- **ASSIGNMENT**
Below are some records. Quote exactly the lines from the one that contains "Duffel Bag Thumbnail" through the last, both included, and leave out the pictures.

(Beginning of DATA FOR PROCESSING)

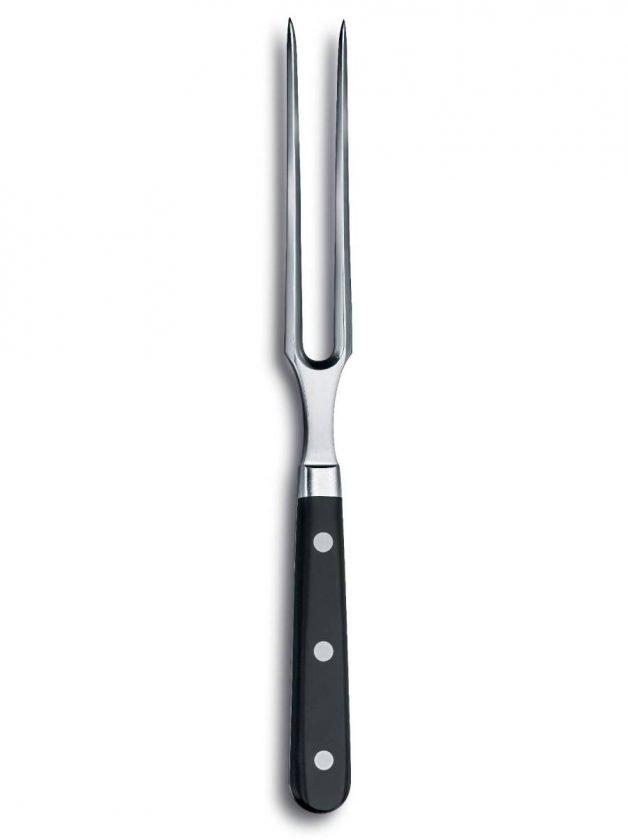 Victorinox Πιρούνα Grand Maitre 15 εκ Victorinox Πιρούνα Grand Maitre 15 εκ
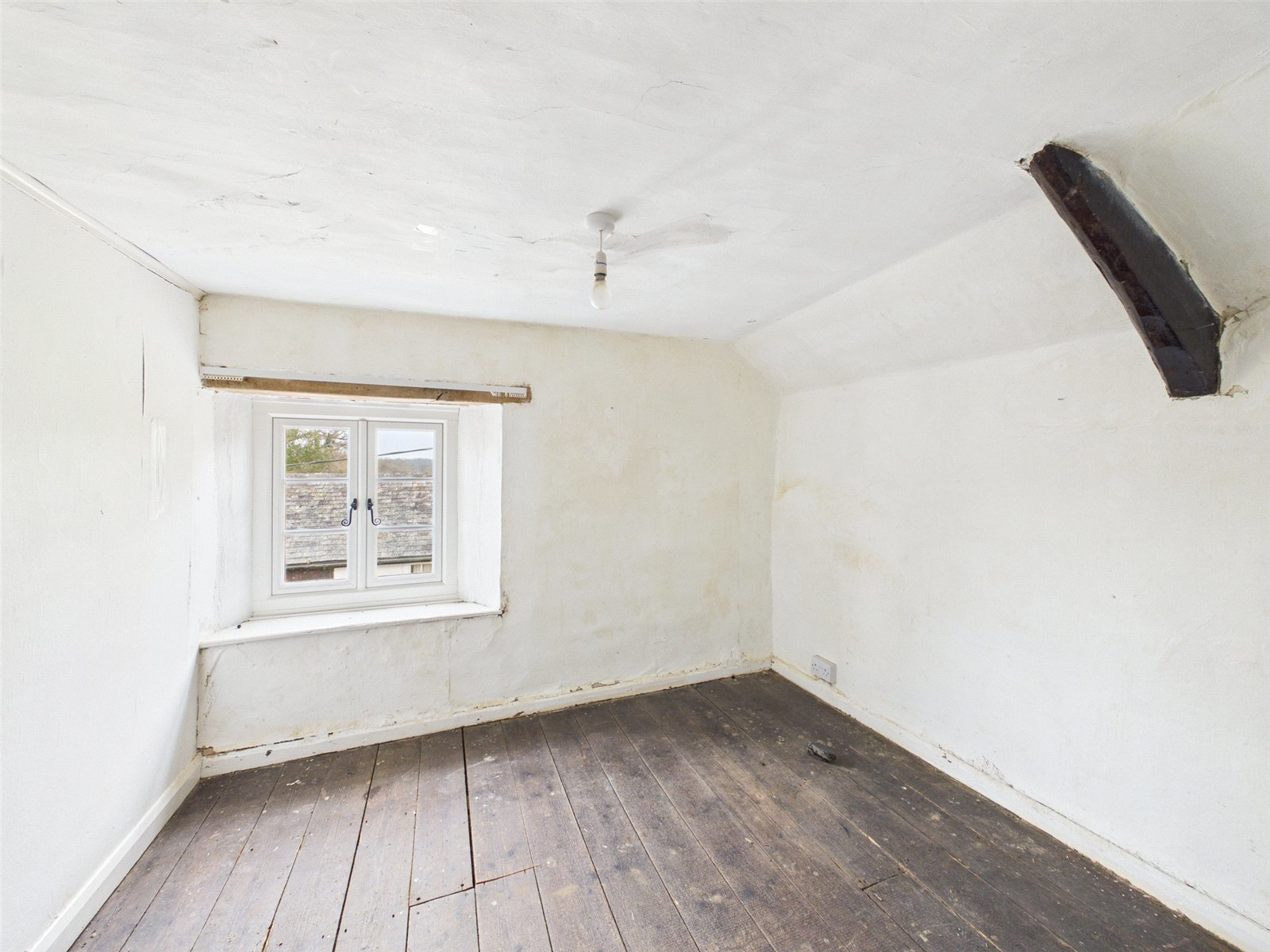 Hatherleigh, Okehampton, Devon, EX20, photo 12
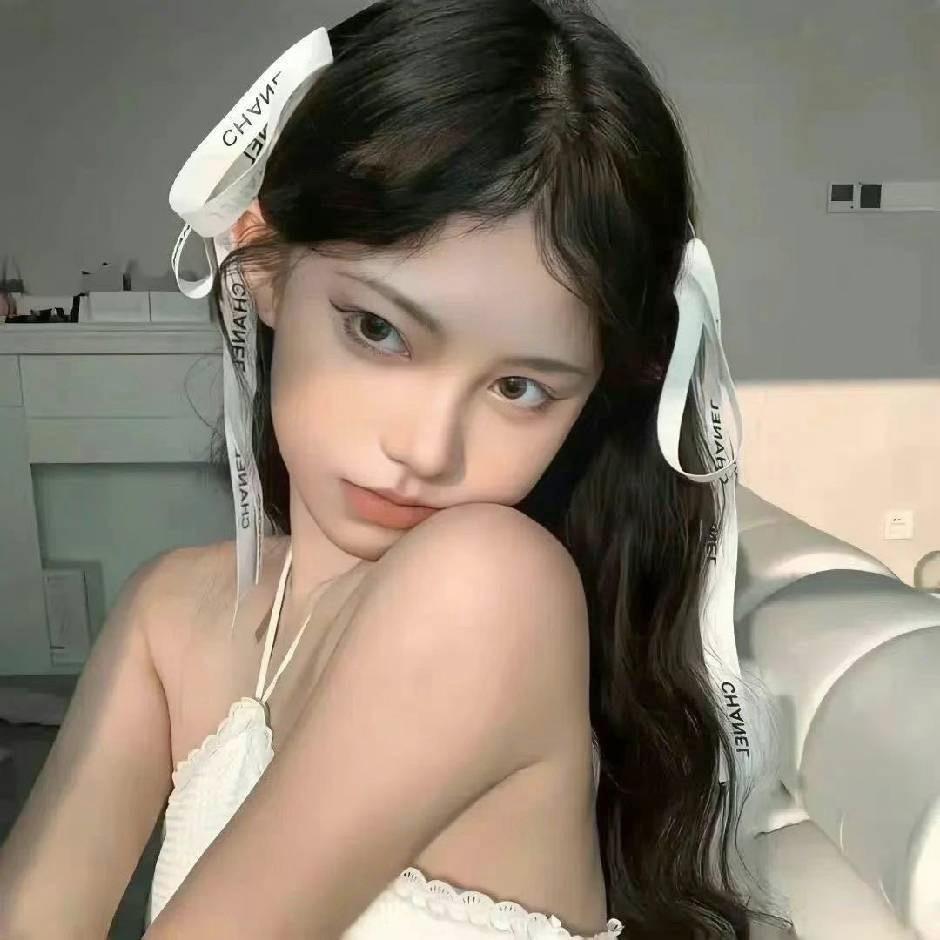 伊伊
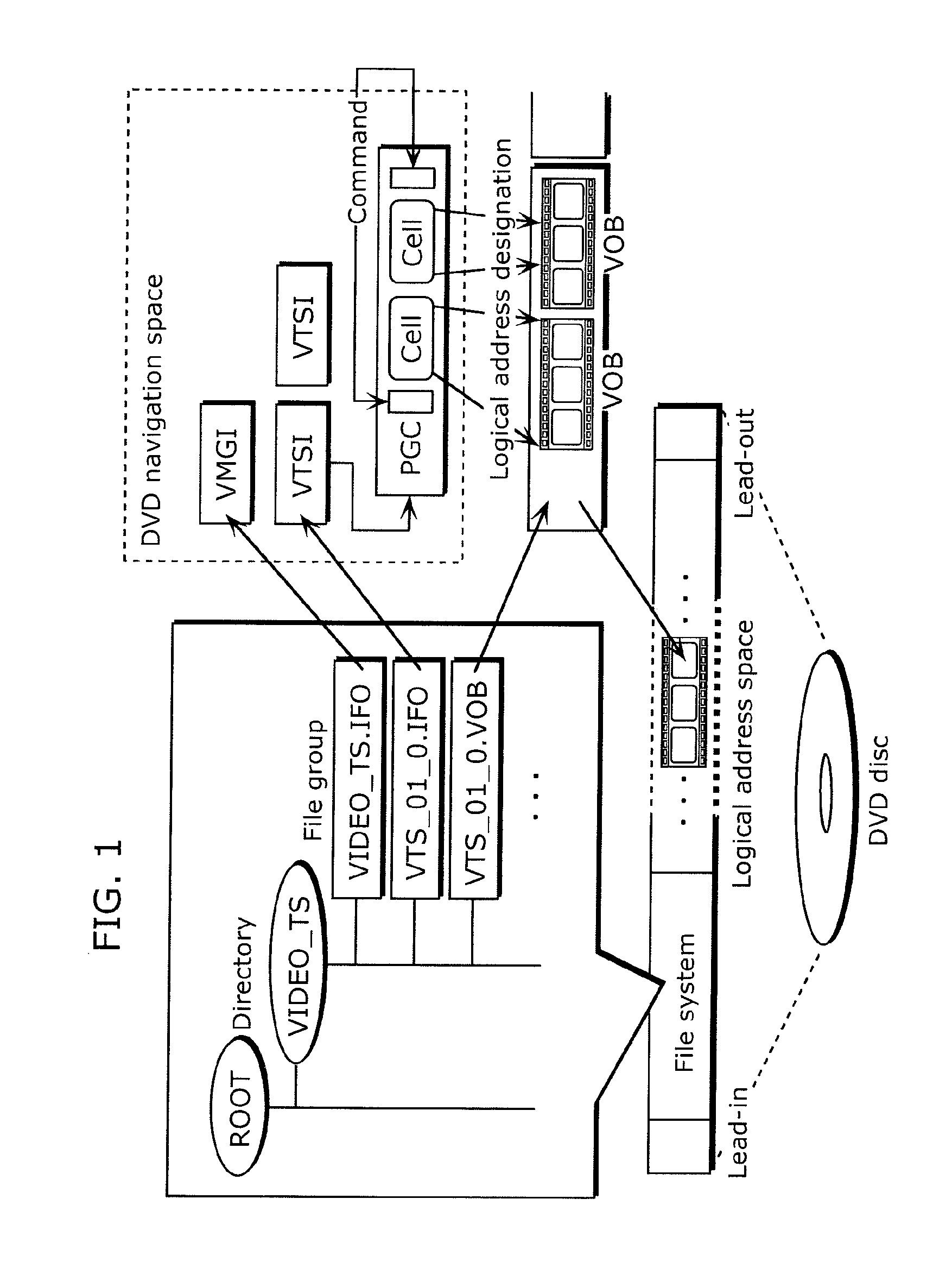 Moving image coding method, moving image coding device, moving image recording method, recording medium, moving image playback method, moving image playback device, and moving image playback system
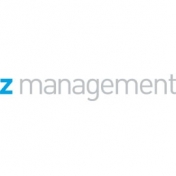 Eventlocations - Portfolio: Musiker & Bands - z management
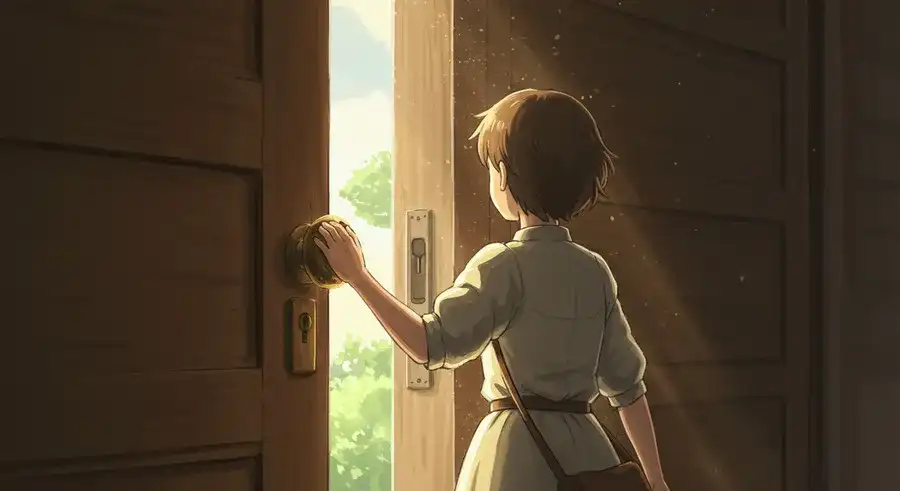 DomoAIの有料プラン解約方法-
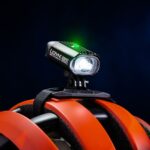 924753AB-BF82-4272-826C-4A81479D3215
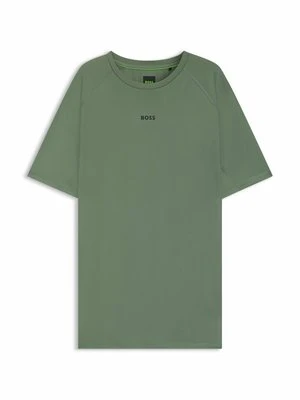 Koszulka sportowa Boss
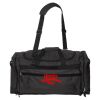 Liberty Bags 27" Explorer Large Duffel Bag Thumbnail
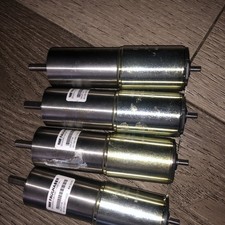 minimotor for sale  South Gate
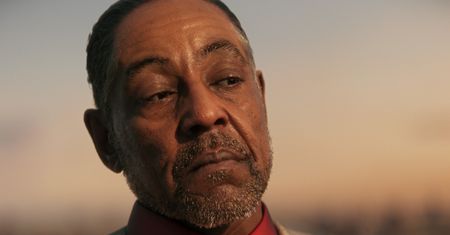 Far Cry 7 w produkcji. Ubisoft szuka pracowników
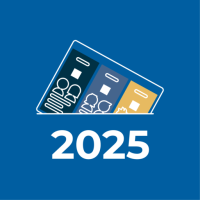 Elecciones Legislativas 2025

(End of DATA FOR PROCESSING)

- **RESULT OF THIS EXERCISE**
 Liberty Bags 27" Explorer Large Duffel Bag Thumbnail
 minimotor for sale  South Gate
 Far Cry 7 w produkcji. Ubisoft szuka pracowników
 Elecciones Legislativas 2025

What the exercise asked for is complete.